Those three long, crossfield passes to the left corner? Those were “on the foot” passes. As in, Robbo and Darwin didn’t have to chase those. They were placed there so that they could keep running at pace and initiate an attack, which they did. They were also fired from someone who had just recovered a ball (twice) or maneuvered his own way through opponents. Yes, Trent had some trouble keeping up with Sessegnon. That’s why everyone wanted the kid when he was with Fulham. But he also stoned him a couple times in the corner or otherwise did exactly what a fullback is supposed to do: feed him into a centerback or trap him in the corner until the ball goes out of play or help arrives. It’s been fair to question Trent’s motivation and overall play this season. I’ve done it. It’s also fair to acknowledge that while he can defend, he’s not a lockdown fullback. But what he brings on the other end of the pitch more than makes up for it and every manager on the planet other than Gareth Southgate will tell you the same thing.
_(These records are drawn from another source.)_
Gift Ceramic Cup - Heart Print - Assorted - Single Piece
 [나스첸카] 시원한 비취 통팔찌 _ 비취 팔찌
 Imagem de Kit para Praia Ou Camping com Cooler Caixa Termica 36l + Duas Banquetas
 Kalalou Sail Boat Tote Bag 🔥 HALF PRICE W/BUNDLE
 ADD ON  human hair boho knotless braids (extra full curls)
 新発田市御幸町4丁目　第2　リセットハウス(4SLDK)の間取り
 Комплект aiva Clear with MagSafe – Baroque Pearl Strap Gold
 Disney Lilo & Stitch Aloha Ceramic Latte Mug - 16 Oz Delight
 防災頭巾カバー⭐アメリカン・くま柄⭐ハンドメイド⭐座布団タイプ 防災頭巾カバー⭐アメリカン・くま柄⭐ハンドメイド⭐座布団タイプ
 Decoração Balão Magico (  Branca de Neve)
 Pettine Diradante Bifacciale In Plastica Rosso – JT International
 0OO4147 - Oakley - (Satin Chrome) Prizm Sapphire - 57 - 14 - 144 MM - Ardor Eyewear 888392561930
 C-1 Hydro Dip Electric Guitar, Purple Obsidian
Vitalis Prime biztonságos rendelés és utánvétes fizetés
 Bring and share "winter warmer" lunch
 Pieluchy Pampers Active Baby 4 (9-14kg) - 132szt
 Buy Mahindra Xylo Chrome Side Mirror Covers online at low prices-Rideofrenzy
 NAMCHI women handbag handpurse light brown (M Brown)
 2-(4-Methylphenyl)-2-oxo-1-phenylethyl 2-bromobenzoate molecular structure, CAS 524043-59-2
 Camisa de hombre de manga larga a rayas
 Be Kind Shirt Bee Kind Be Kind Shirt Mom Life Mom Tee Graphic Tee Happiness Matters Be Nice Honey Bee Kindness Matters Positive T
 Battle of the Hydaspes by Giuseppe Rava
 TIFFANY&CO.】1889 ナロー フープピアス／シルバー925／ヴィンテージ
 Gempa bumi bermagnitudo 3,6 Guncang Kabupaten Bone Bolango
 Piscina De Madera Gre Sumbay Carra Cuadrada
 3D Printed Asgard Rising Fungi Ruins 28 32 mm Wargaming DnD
As I’ve mentioned before, I’m almost thankful that Southgate isn’t interested because Trent, like many among the squad, could likely use the rest. Michael Reid pointed out that Virgil Van Dijk has played every minute of all 20 matches that Liverpool have played this season, becoming the first to do that for the club since Jason McAteer and John Barnes (Barnesy!) both did so in 1996. We usually think of Virg as something of a constant, but he’s been even more of a constant than usual, which might explain some of the lapses in his play, as well. No matter how well-conditioned these guys are, it catches up to you eventually. Now that the collective attitude seems to have been buttressed, the upcoming break for the Crime in Qatar may be arriving at just the right moment (which Virg, unfortunately, won’t be able to partake of.)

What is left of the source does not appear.